Así, pasamos de la etapa antigua de asambleas en las plazas públicas de los griegos a la república representativa que tuvo impulso en Europa y luego a lo que él llama “la democracia monitorizada”, la de los watch dogs o vigilantes que no parten del gobierno ni de los partidos necesariamente, sino de grupos organizados de la sociedad e instituciones con autonomía o cierta independencia, quienes monitorean de manera permanente uno u otro poder, generan contrapesos y contextos de exigencia.
Un elemento clave en este concepto de equilibrios, de monitoreo, escrutinio o vigilancia constante para los poderes es sin duda el surgimiento mismo de las naciones unidas y con ello el de instancias colegiadas con cierta distancia frente a un Estado específico, las cuáles pueden dar seguimiento e incidir con cierto margen en las decisiones relevantes para la vida pública. Esas instancias vigilantes no sólo forman parte de órganos multilaterales, para Keane son, sobre todo, las voces de organizaciones ciudadanas y las instituciones domésticas con autonomía frente a los gobiernos, dedicadas a “monitorazar”, exigir que se cumplan las reglas comunes y empujar agendas diversas.

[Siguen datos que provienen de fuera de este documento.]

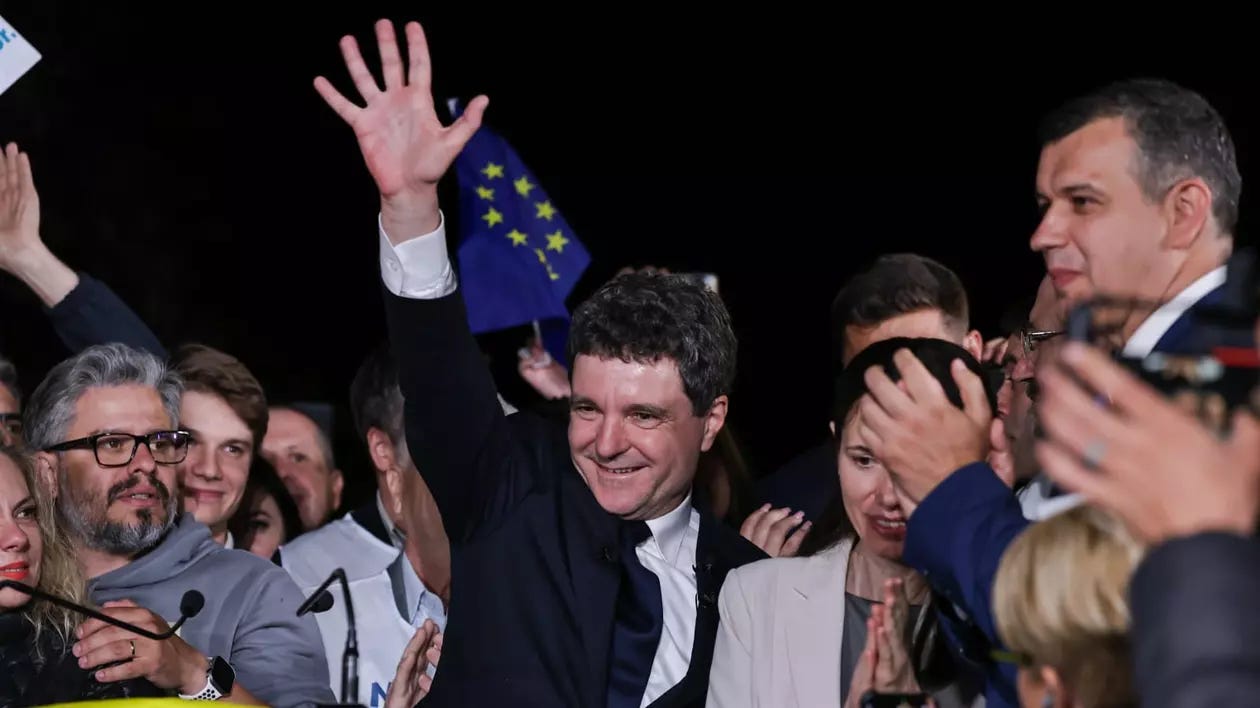 Nicușor Dan salutând cu mâna sus mulțimea de susținători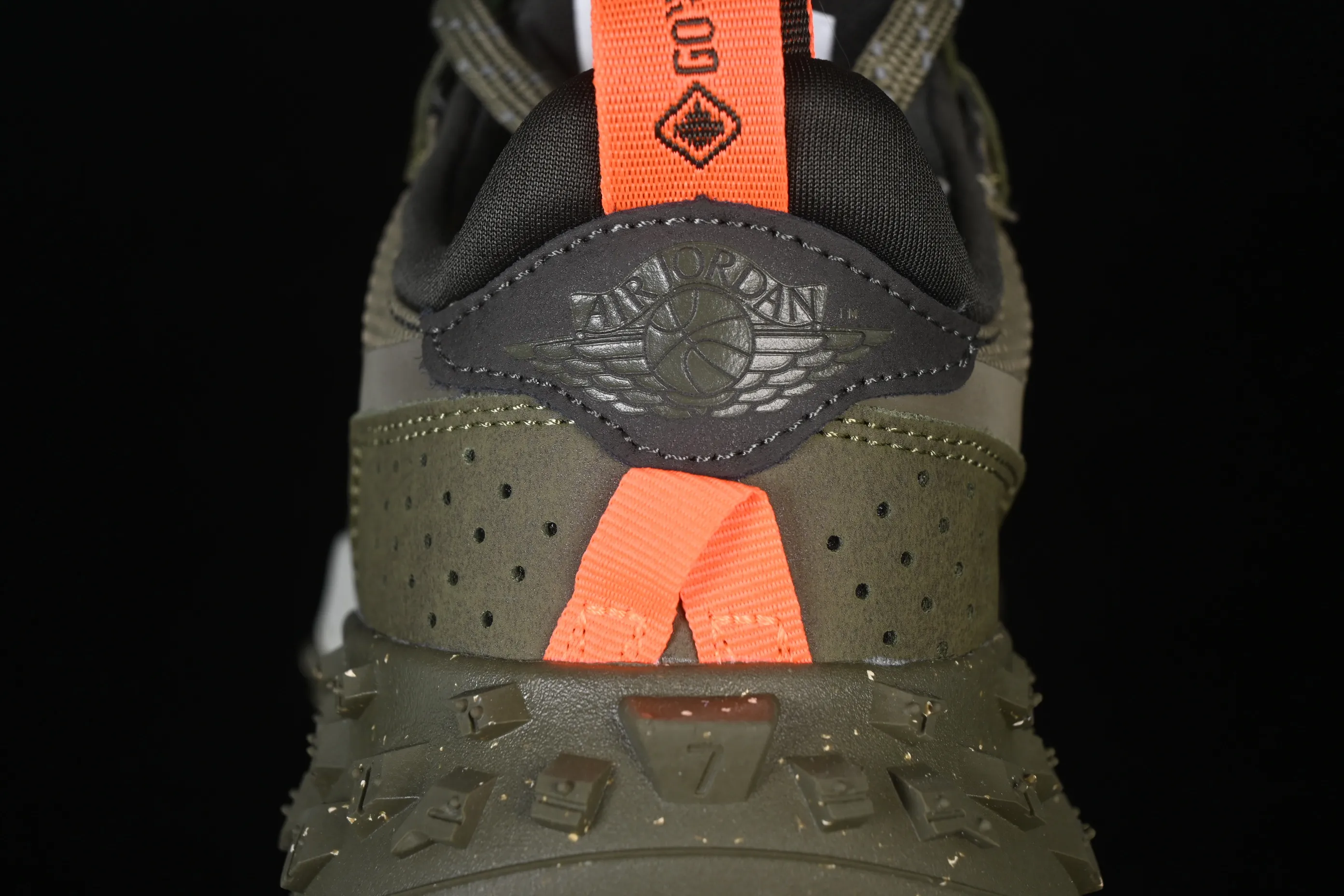 All categories Air Jordan Jordan series basketball shoes Air Jordan 1 Low Air Jordan 1 Low Element "Gore-Tex" AJ1 Joe 1 multi-functional outdoor casual basketball shoes FV4227-201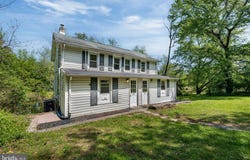 16 WHITE CLAY Drive, NEWARK, DE 19711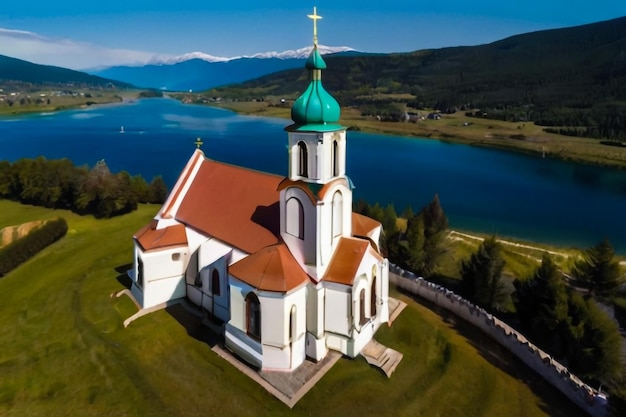 Luftansicht auf einen barocken oder gotischen Tempel oder eine katholische Kirche auf dem Land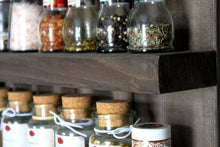 Lade das Bild in den Galerie-Viewer, Gewürzregal aus Holz - für die Wand oder stehend -Braun - 4 Stellflächen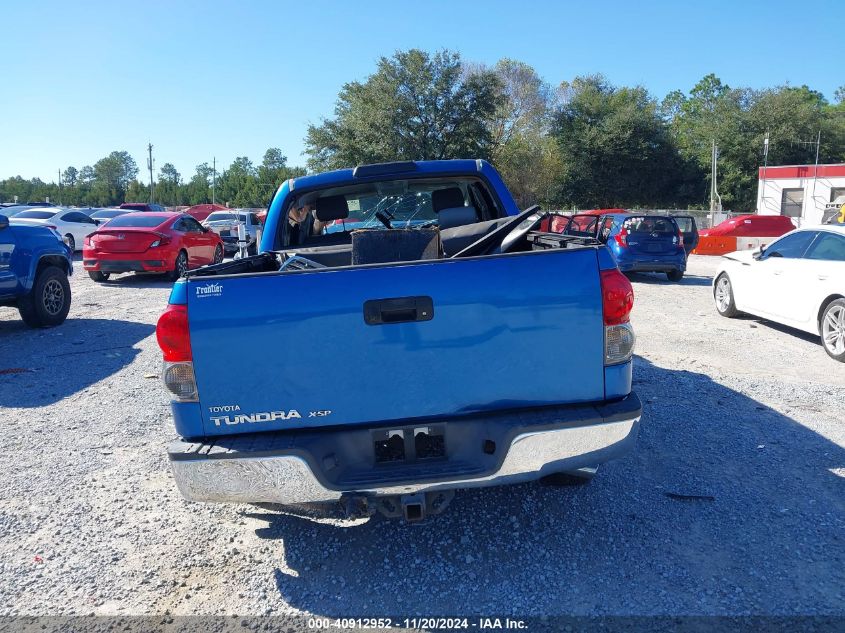 2007 Toyota Tundra Sr5 5.7L V8 VIN: 5TFEV54147X028098 Lot: 40912952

Pone Keane ejemplos elocuentes de su papel, diciendo que la agenda del desarme nuclear, las medidas en contra del calentamiento global, la no discriminación o el combate contra la pobreza no han nacido originalmente por el empuje de los partidos, no surgieron tampoco en los gobiernos, sino en una sociedad civil vigilante y exigente.
Los equilibrios y contrapesos no deben asumirse con desafíos a uno u otro poder. Son parte de la normalidad democrática y si no hubiera revisores o vigilantes del poder difícilmente podríamos sostener que estamos en un entorno democrático. Por eso a nadie beneficia que se purguen o inhiban las voces críticas para uno u otro poder, al contrario, deben existir garantías para que se organicen desde la vida partidista, desde la sociedad civil e incluso desde las empresas que así lo consideren adecuado, aunque siempre es saludable transparentar las agendas, las motivaciones y los patrocinios.
Ningún proyecto ciudadano que use los circuitos legales para cuestionar el poder o impulsar sus puntos de vista puede calificarse como “golpista”, menos algún grupo político opositor que apueste por conquistar, de forma legítima, el poder por la vía de las urnas.
La democracia no inicia ni termina en las urnas, tiene una dimensión integral. Sin duda asociamos la idea de elecciones libres y justas con la democracia desde los tiempos de la república representativa, pero en la democracia monitorizada eso no es suficiente.